The Rosalind Franklin Institute (RFI)
Speeding up drug discovery. De-coding molecules to combat disease. Training algorithms to advance vital health research. The RFI is dedicated to developing tomorrow’s life science innovations through technology development and needle-point research.
What is it?
The Rosalind Franklin Institute was established in 2018 by ten top UK universities, with a vision to overcome the health research challenges of today by connecting physical sciences and engineering to the life sciences. The institute takes its name from Rosalind Franklin, the great British scientist whose seminal work on DNA and RNA over a hundred years ago provided the building blocks for today’s biotechnology revolution.
RFI creates disruptive technologies that can reveal the inner-workings of life, from pea-sized tumours through to picometre-scale atoms. The state-of-the-art tools and projects accelerate the development of new medicines, advance medical diagnostics and push forward the frontiers of microbiology to deepen our understanding of human health and disease. RFI collaborates with partners from across industry and science to ensure our critical research has a real impact in the world. RFI uses:
Novel imaging technologies – developing world-first 4D imaging tools for stitching together data from electron microscopes with time resolution to build up the bigger picture.
Artificial Intelligence and Informatics – To employ leading-edge AI and machine learning software to accelerate data processing and analysis, enabling leaps in biological discovery.

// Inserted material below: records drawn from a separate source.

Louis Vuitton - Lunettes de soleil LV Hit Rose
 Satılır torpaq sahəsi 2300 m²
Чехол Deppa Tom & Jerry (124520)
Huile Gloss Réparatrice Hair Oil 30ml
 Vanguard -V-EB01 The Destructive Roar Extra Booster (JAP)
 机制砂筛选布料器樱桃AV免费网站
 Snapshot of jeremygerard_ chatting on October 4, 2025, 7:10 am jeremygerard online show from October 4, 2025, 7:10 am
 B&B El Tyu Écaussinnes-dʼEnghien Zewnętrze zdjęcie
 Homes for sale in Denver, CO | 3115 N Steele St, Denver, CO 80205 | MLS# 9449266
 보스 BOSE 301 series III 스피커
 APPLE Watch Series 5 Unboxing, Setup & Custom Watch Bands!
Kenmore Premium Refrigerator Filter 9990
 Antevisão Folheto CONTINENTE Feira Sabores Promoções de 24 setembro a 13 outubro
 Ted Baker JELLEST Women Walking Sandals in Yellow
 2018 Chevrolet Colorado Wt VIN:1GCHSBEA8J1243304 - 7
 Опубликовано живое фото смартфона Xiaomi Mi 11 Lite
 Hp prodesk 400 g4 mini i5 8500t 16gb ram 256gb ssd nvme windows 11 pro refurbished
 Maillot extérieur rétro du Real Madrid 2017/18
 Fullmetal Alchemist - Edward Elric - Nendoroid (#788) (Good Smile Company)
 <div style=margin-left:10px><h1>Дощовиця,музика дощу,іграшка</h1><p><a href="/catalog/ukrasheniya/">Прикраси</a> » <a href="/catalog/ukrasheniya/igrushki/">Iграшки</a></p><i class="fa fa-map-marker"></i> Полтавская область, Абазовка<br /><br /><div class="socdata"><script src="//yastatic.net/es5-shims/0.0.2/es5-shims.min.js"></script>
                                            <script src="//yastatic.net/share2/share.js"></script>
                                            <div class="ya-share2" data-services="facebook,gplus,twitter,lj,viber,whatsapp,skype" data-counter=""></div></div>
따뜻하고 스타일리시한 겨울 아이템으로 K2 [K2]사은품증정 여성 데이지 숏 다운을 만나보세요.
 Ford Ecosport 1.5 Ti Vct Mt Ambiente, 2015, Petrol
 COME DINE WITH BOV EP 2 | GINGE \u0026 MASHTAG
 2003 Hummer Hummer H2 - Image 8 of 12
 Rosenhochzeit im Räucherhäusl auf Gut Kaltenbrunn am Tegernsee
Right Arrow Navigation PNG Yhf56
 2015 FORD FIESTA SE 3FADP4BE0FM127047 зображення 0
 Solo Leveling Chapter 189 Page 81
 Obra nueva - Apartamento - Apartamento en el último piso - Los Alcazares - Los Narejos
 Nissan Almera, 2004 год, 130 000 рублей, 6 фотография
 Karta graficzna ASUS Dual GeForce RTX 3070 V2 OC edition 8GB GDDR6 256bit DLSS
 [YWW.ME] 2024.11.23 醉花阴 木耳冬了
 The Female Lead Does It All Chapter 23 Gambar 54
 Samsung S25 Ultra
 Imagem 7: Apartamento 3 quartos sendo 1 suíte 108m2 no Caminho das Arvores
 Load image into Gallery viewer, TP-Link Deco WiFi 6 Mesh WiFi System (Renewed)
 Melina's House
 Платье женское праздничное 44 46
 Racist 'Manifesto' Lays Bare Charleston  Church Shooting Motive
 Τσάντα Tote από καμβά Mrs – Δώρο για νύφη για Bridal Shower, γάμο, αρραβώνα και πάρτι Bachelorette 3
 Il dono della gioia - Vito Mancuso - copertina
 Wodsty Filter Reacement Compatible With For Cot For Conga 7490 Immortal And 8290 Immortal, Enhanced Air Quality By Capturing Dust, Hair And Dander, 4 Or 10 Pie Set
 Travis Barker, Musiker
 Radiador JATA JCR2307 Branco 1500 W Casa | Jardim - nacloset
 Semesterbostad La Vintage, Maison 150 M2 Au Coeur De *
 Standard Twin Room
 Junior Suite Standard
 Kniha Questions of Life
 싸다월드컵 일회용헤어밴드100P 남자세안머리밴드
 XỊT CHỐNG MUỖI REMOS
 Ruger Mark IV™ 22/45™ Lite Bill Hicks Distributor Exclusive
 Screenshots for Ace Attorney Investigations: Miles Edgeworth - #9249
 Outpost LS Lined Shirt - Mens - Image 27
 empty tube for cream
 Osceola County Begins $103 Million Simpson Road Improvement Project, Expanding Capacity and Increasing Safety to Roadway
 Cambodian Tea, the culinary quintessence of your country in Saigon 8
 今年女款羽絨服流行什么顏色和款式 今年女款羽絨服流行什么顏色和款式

Next generation chemistry for medicines – By investigating natural mechanisms using chemical approaches, scientists gain fresh insights for use in drug innovation.
Structural biology – Whether it’s unpicking proteins to work out how to treat HIV and influenza or unravelling the processes that cause neurological disease, RFI brings molecules to life in 3D so that they can be studied more closely.
Biological mass spectrometry – The century-old measurement technique is used today to test food and environmental contamination, perform carbon dating and interrogate viruses – just a few examples of the research applications carried out at RFI on campus.